PROVIDED ENTRIES:
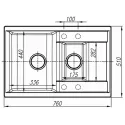Кухонная мойка DR.GANS Астра (760х510х217) Терра (25.065.D0760.405)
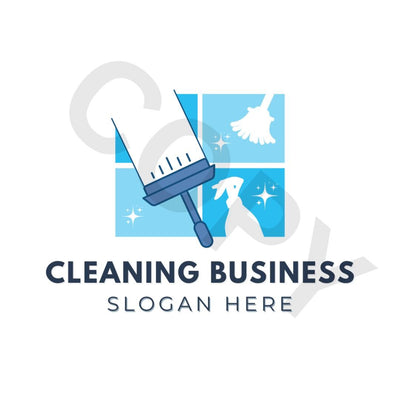 Fully Editable Cleaning Services Business Logo Template | Customizable Canva Design | Window Cleaning | Housekeeping Logo | Window Cleaning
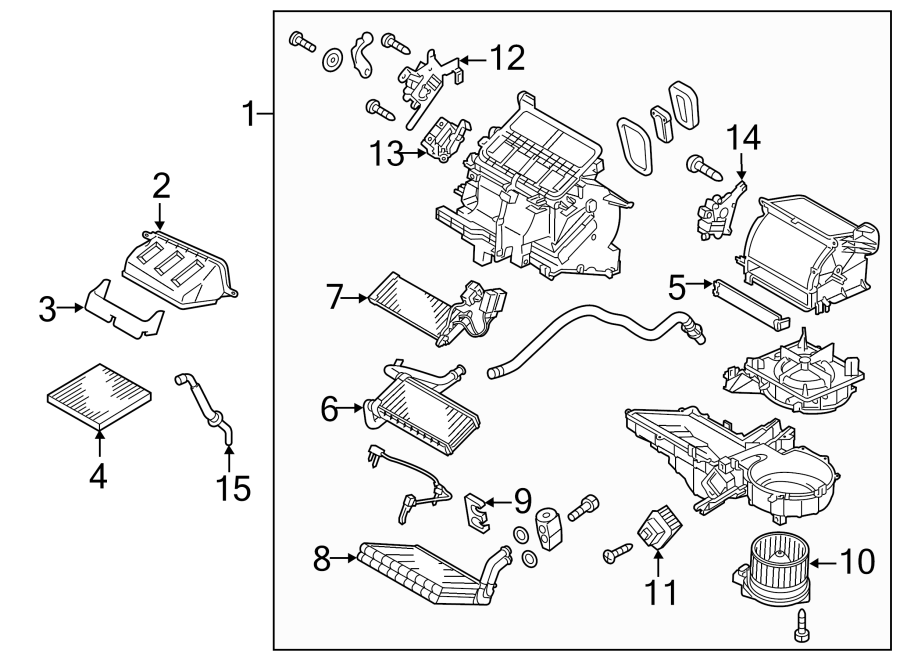 1AIR CONDITIONER & HEATER. EVAPORATOR & HEATER COMPONENTS.https://images.simplepart.com/images/parts/motor/fullsize/6214065.png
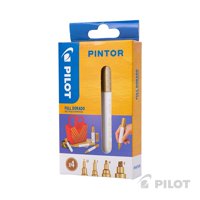 Pilot - Pintor Set 4 Puntas Dorado Extra Fina, Fina, Media Y Biselada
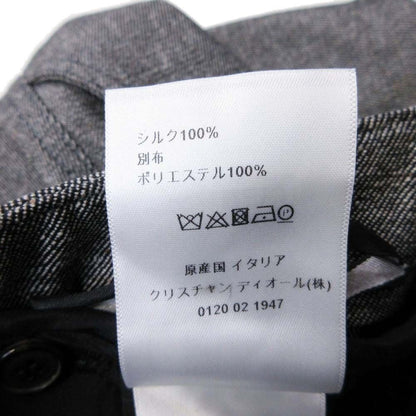 Dior Cannage Quilted Liner Knee Length Skirt 38 Gray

WHAT YOU WILL DO: Each line above must be repeated exactly in the answer, with pictures omitted.

EXPECTED OUTPUT:
Кухонная мойка DR.GANS Астра (760х510х217) Терра (25.065.D0760.405)
 Fully Editable Cleaning Services Business Logo Template | Customizable Canva Design | Window Cleaning | Housekeeping Logo | Window Cleaning
 1AIR CONDITIONER & HEATER. EVAPORATOR & HEATER COMPONENTS.https://images.simplepart.com/images/parts/motor/fullsize/6214065.png
 Pilot - Pintor Set 4 Puntas Dorado Extra Fina, Fina, Media Y Biselada
 Dior Cannage Quilted Liner Knee Length Skirt 38 Gray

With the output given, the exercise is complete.